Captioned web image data

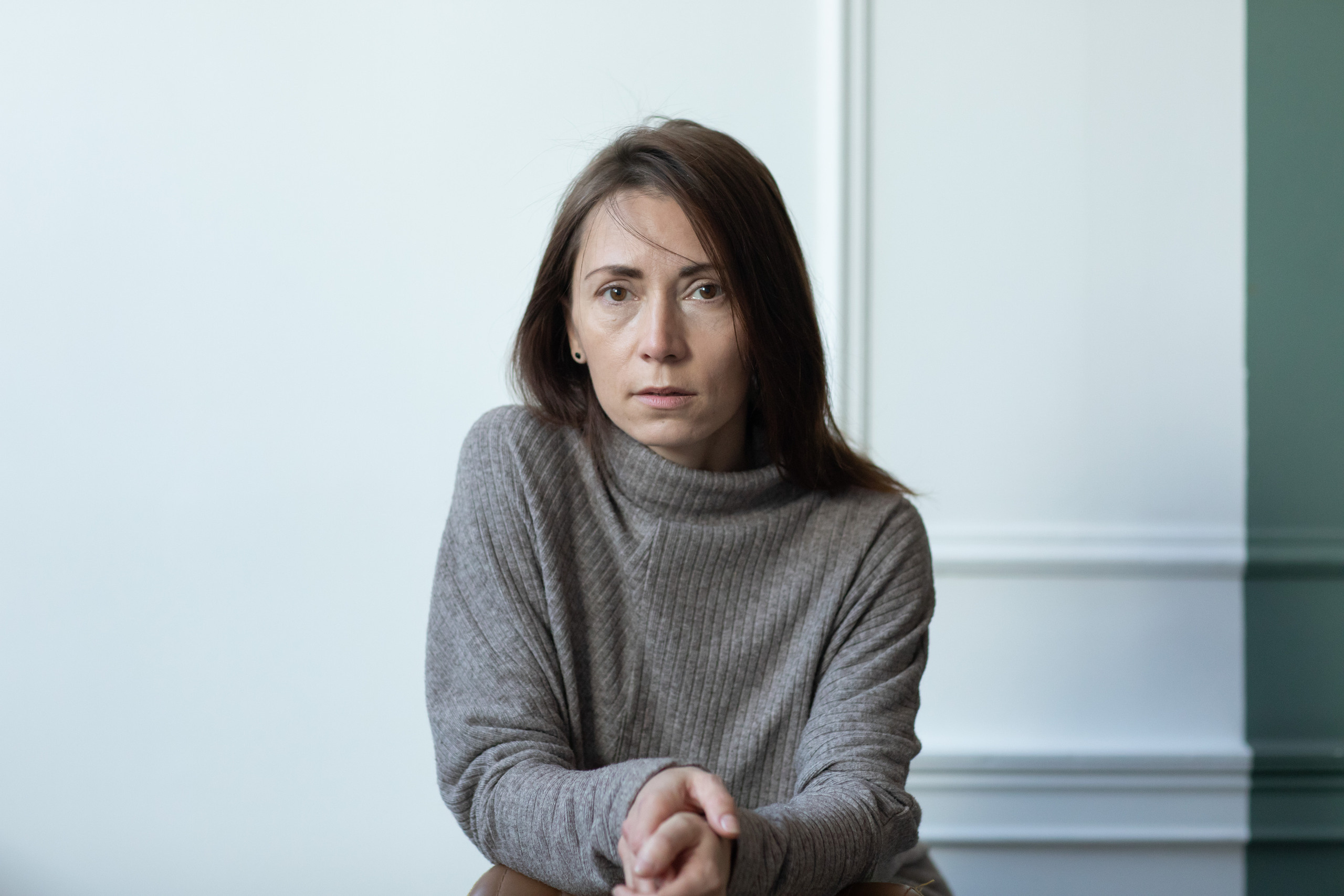 Анна-Мориса актриса. Фотограф в Москве и России Елена Крупель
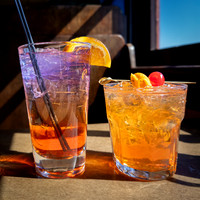 Cocktails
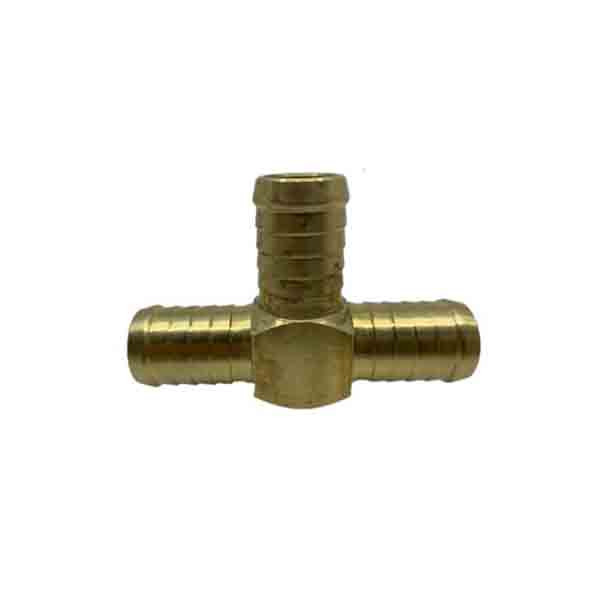 3/4 Tee Brass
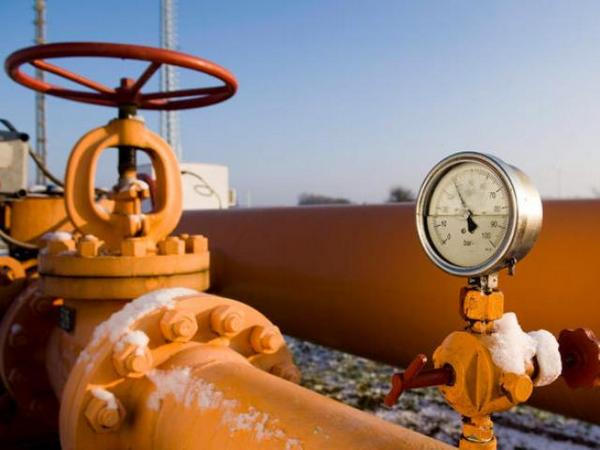 Ход восстановления газоснабжения в Марьинке и Красногоровке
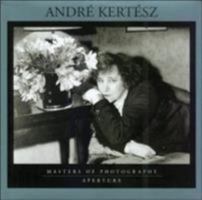 Andre Kertesz (Aperture Masters of Photography, # 11) 3895086118 Book Cover
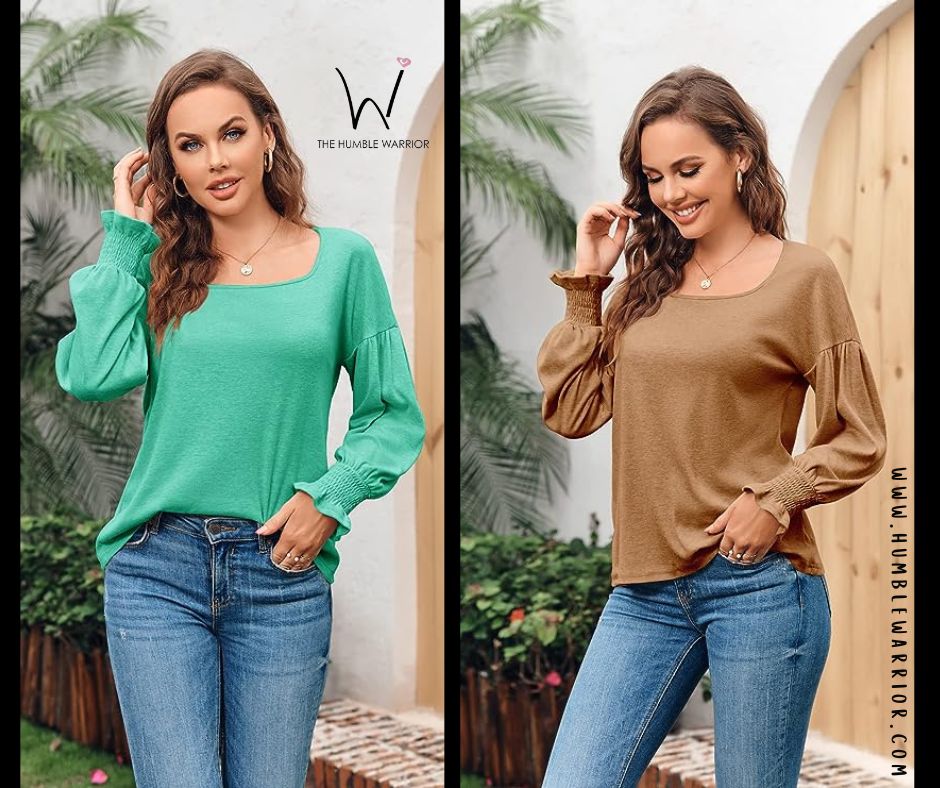 Style Savings!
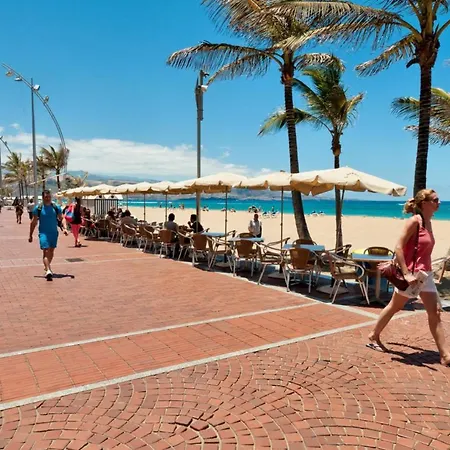 Las Canteras Beach Jr83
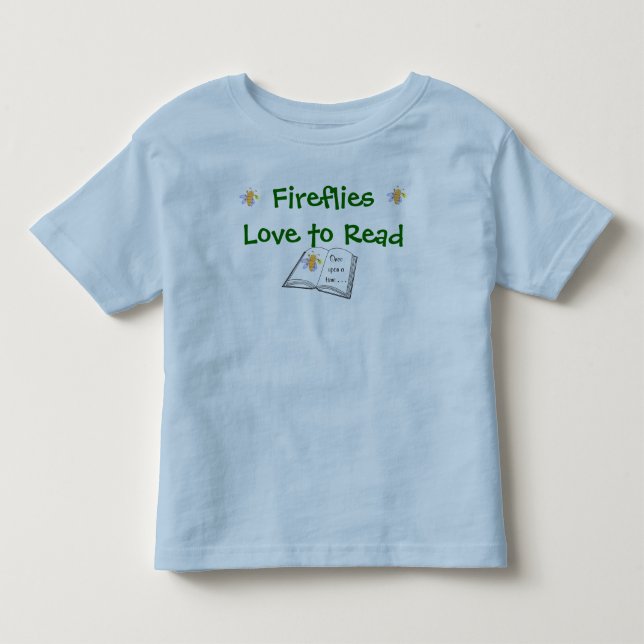 Firefly Ringer T shirt (Toddler) (Front)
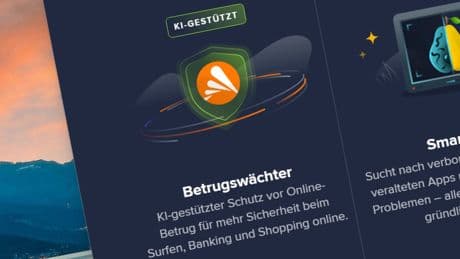 Betrug per IBAN & Co: Bekannter Avast-Virenscanner warnt jetzt – völlig gratis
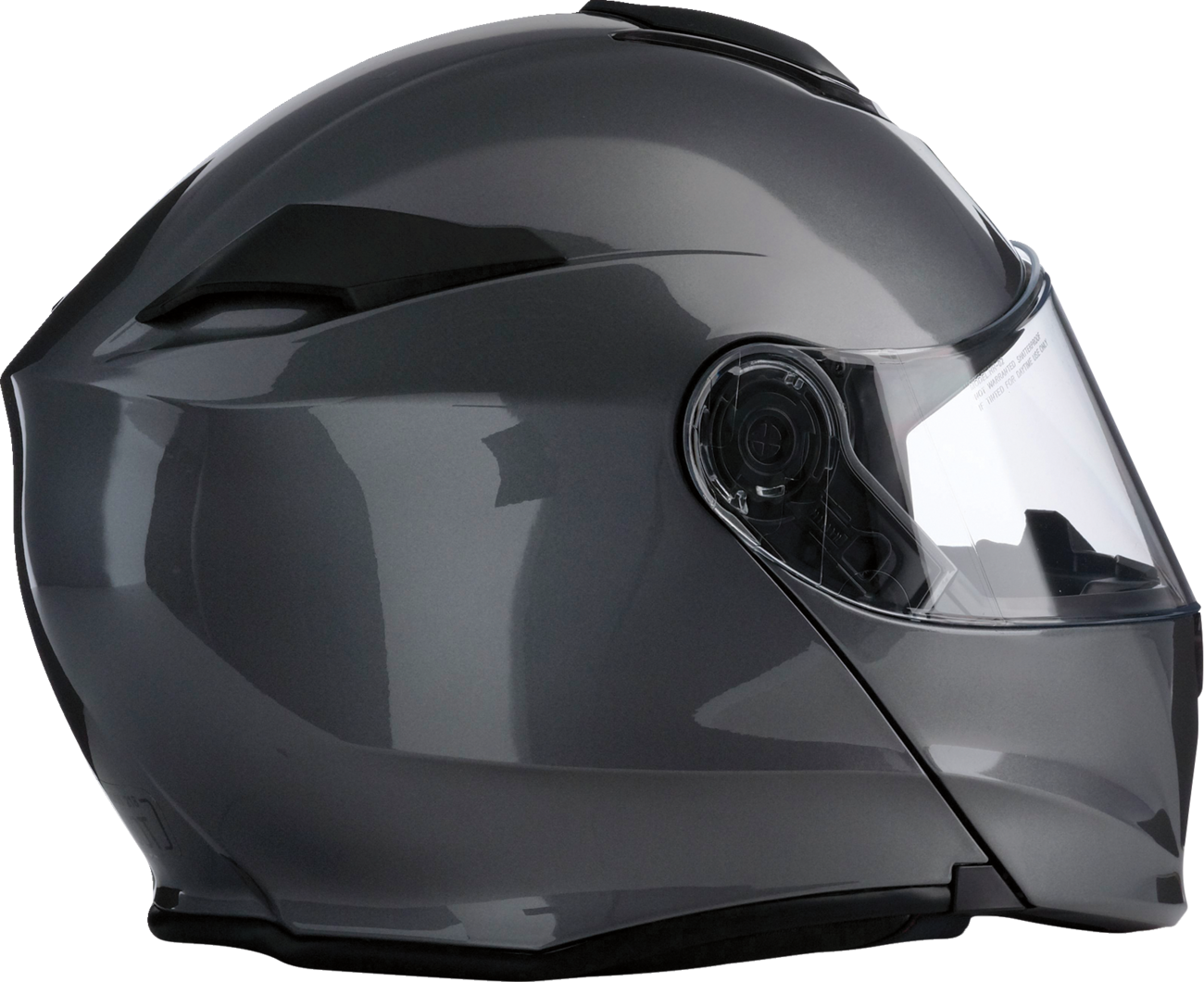 0100-2166 . Solaris Modular Helmet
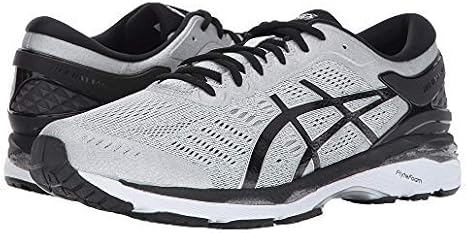 asics kayano 24 black mens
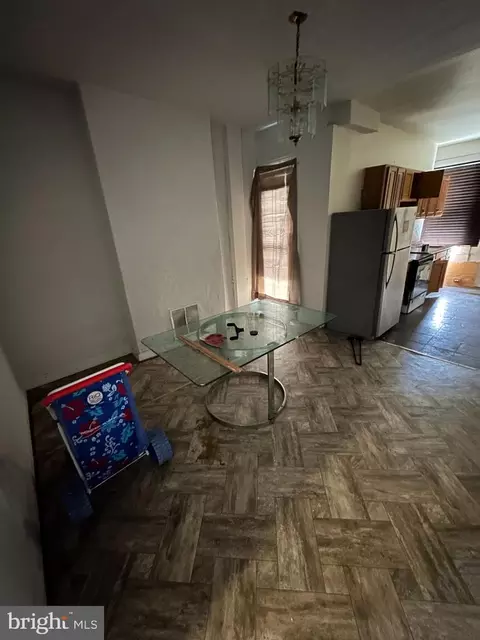 Entry Way - 904 E Preston St, Baltimore, MD 21202 photo 2 of 2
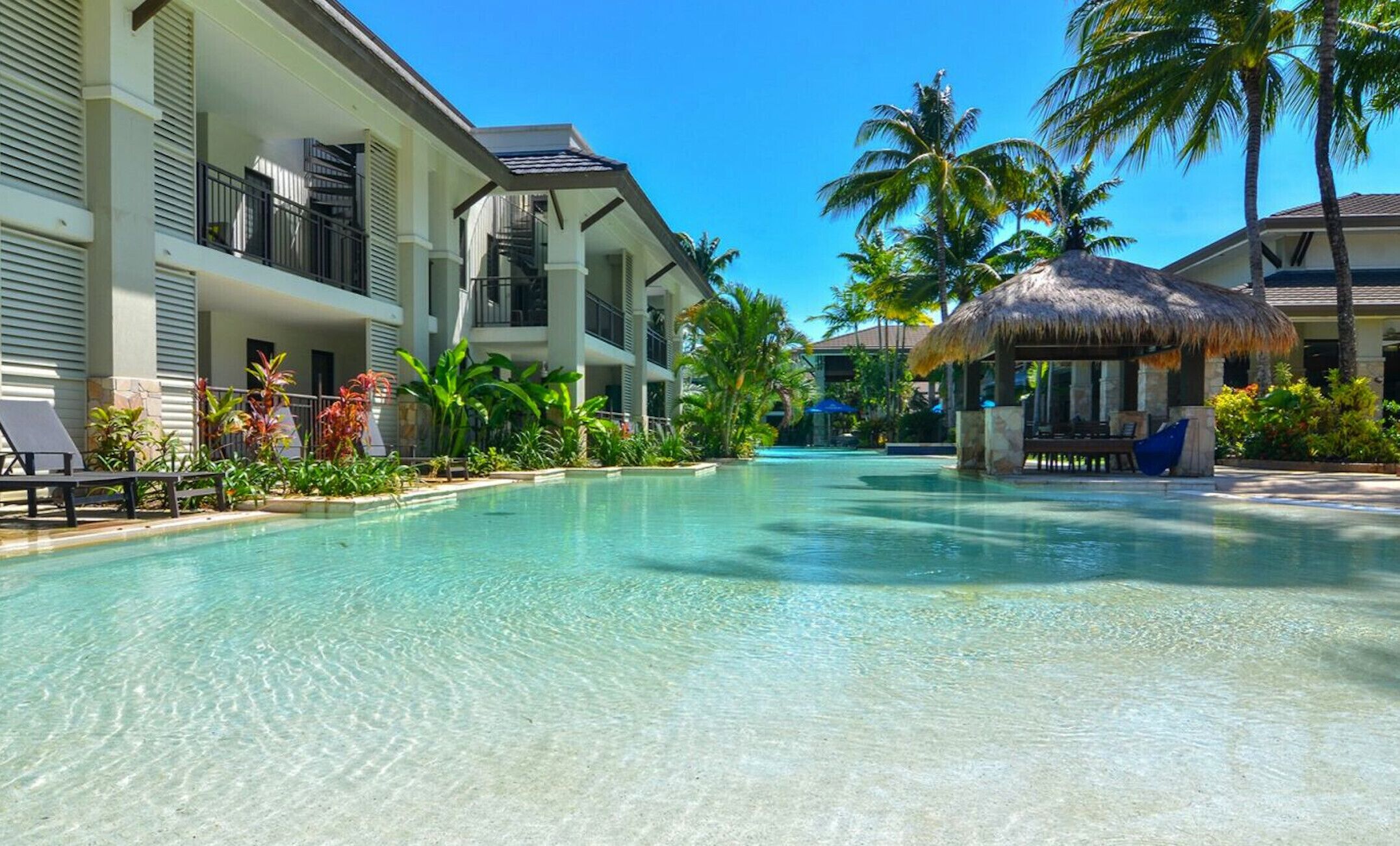 109 Temple Resort Port Douglas privately managed within Sea Temple Resort — image 11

WORK INSTRUCTIONS —
Write out the entries word for word. Skip the pictures.

YOUR RESPONSE —
 Анна-Мориса актриса. Фотограф в Москве и России Елена Крупель
 Cocktails
 3/4 Tee Brass
 Ход восстановления газоснабжения в Марьинке и Красногоровке
 Andre Kertesz (Aperture Masters of Photography, # 11) 3895086118 Book Cover
 Style Savings!
 Las Canteras Beach Jr83
 Firefly Ringer T shirt (Toddler) (Front)
 Betrug per IBAN & Co: Bekannter Avast-Virenscanner warnt jetzt – völlig gratis
 0100-2166 . Solaris Modular Helmet
 asics kayano 24 black mens
 Entry Way - 904 E Preston St, Baltimore, MD 21202 photo 2 of 2
 109 Temple Resort Port Douglas privately managed within Sea Temple Resort — image 11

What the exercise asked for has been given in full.